Trinitarian Theology within Traditional Christian Metaphysics
There has been continuous debate throughout the ages as to the precise definition of the Trinity. Does it fall into the category of apophatic theology in which case it becomes a metaphysical first principle, or should it be understood (along with all other dogmas) under the aegis of cataphatic theology and therefore, it too, an approximation of unknowable Reality transcendent to itself? Worthy Christians, scholars, and theologians have debated and disagreed about the answer to this question. Caldecott has made a case for the first position.
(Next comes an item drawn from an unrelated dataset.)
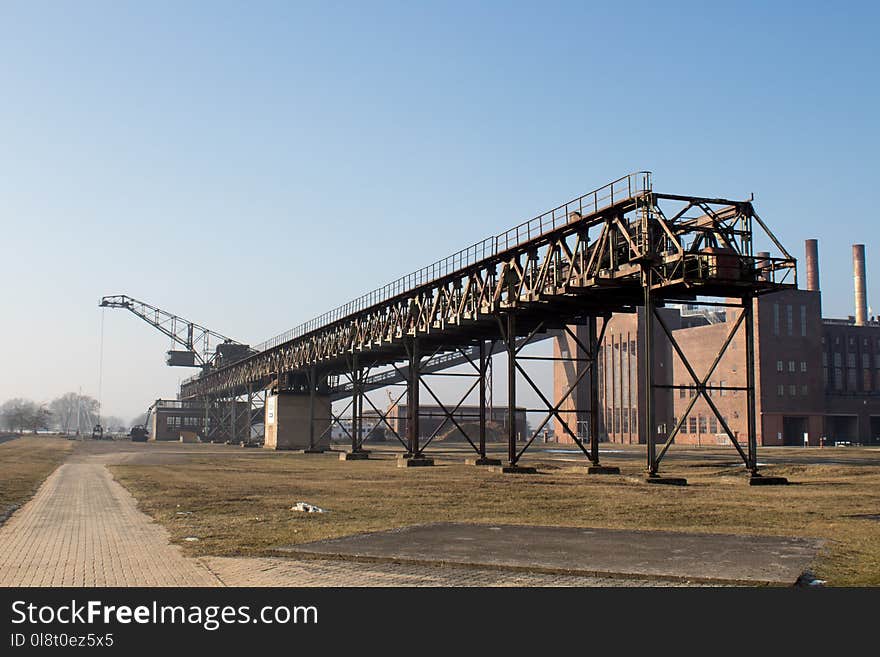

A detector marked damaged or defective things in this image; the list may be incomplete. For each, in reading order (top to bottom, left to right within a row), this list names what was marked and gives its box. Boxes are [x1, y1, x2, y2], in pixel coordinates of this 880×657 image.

rusty steel truss [179, 172, 796, 474]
Many traditional theologians disagree, and have made a strong and convincing case for the second.
Caldecott’s argument for the former is based upon his objection to Schuon’s assertions that the doctrine of the Trinity falls under the category of an upaya and that Christian theology “almost inevitably confuses three distinct planes of reality—the undifferentiated Essence, the divine relativity or Personality, and cosmic Relativity.” Using Meister Eckhart as his point of reference, Caldecott critiques the notion the “Godhead” (or that the Trinity involves any form of procession from the Godhead). It is not altogether clear whether or not Caldecott accepts the notion of “degrees of reality,” but what is clear is his rejection of the idea that the Godhead is the highest hypostasis (or beyond hypostasis altogether) if it does not refer explicitly to the Trinity. For him Trinity and Godhead are the same.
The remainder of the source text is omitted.